- [What is needed]: Your copy should hold only the lines from the one with "Nourison Astra Machine" to the one with "Resep Rainbow Cake", both included, each exactly as it stands below, with no pictures.

- [Task material]:
____

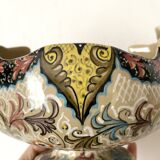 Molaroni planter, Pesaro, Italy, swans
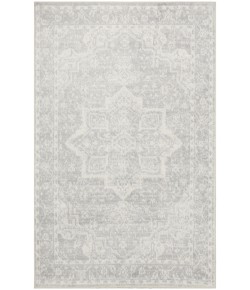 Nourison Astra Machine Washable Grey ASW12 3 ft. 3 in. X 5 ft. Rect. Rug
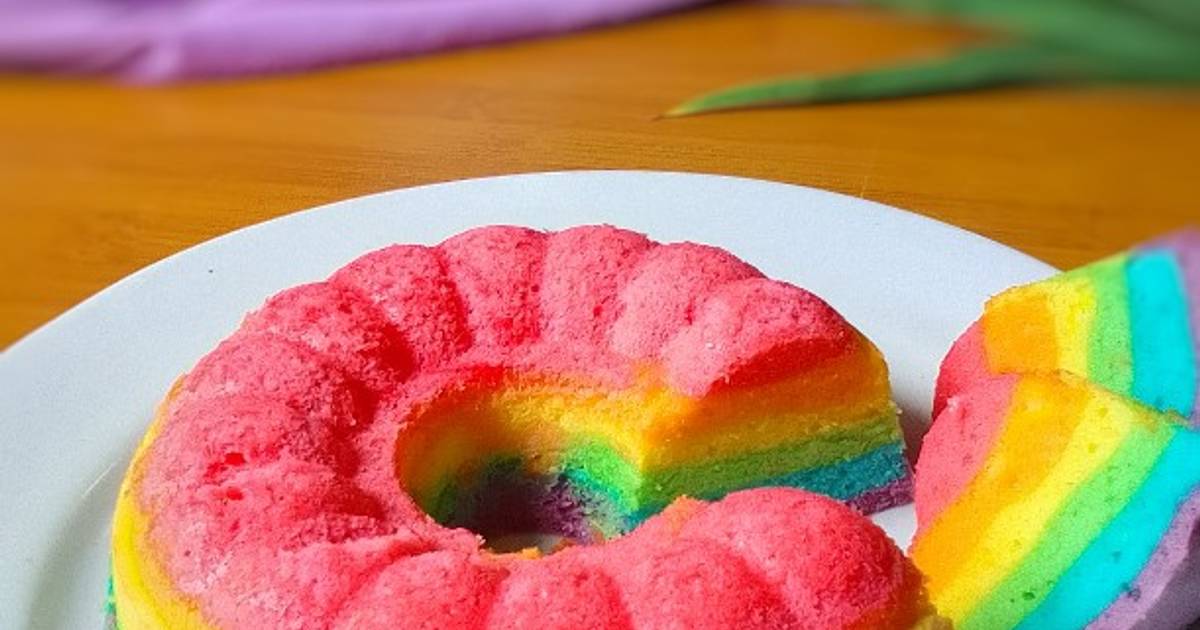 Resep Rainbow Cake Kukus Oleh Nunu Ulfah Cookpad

____

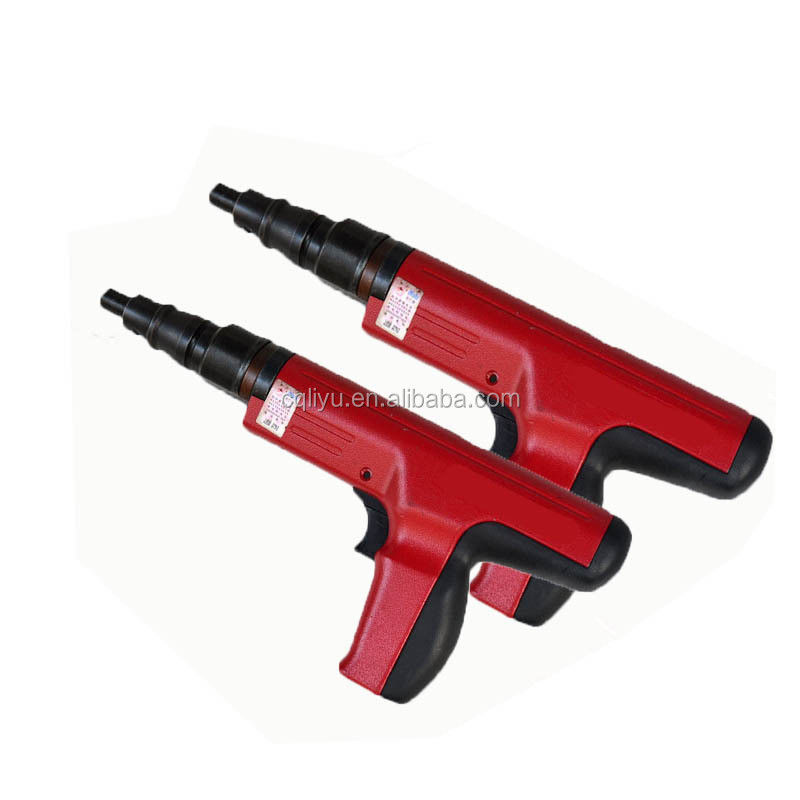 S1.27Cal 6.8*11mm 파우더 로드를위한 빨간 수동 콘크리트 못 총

____

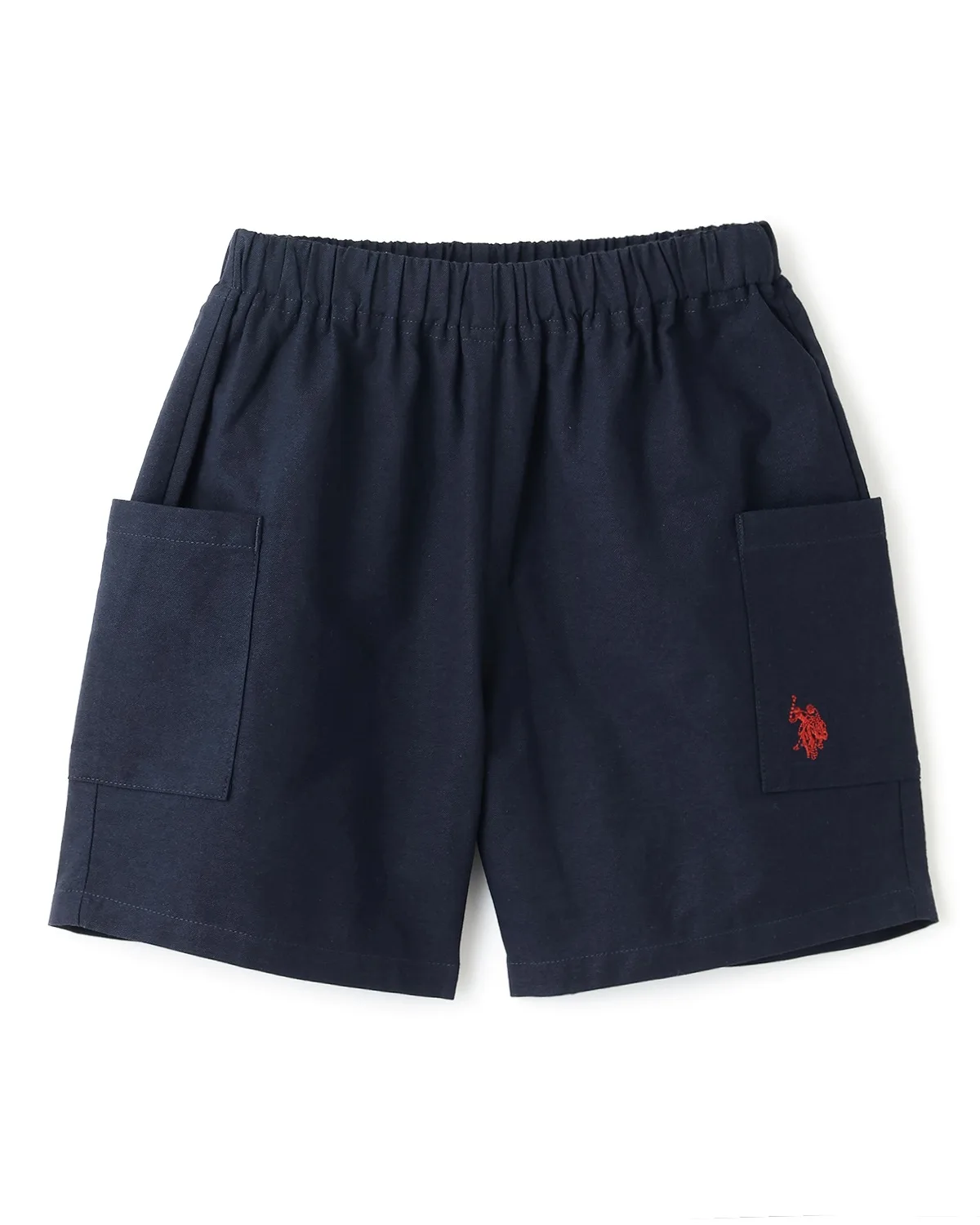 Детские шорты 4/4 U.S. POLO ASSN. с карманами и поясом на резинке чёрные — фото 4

____

- [Response for this exercise]:
 Nourison Astra Machine Washable Grey ASW12 3 ft. 3 in. X 5 ft. Rect. Rug
 Resep Rainbow Cake Kukus Oleh Nunu Ulfah Cookpad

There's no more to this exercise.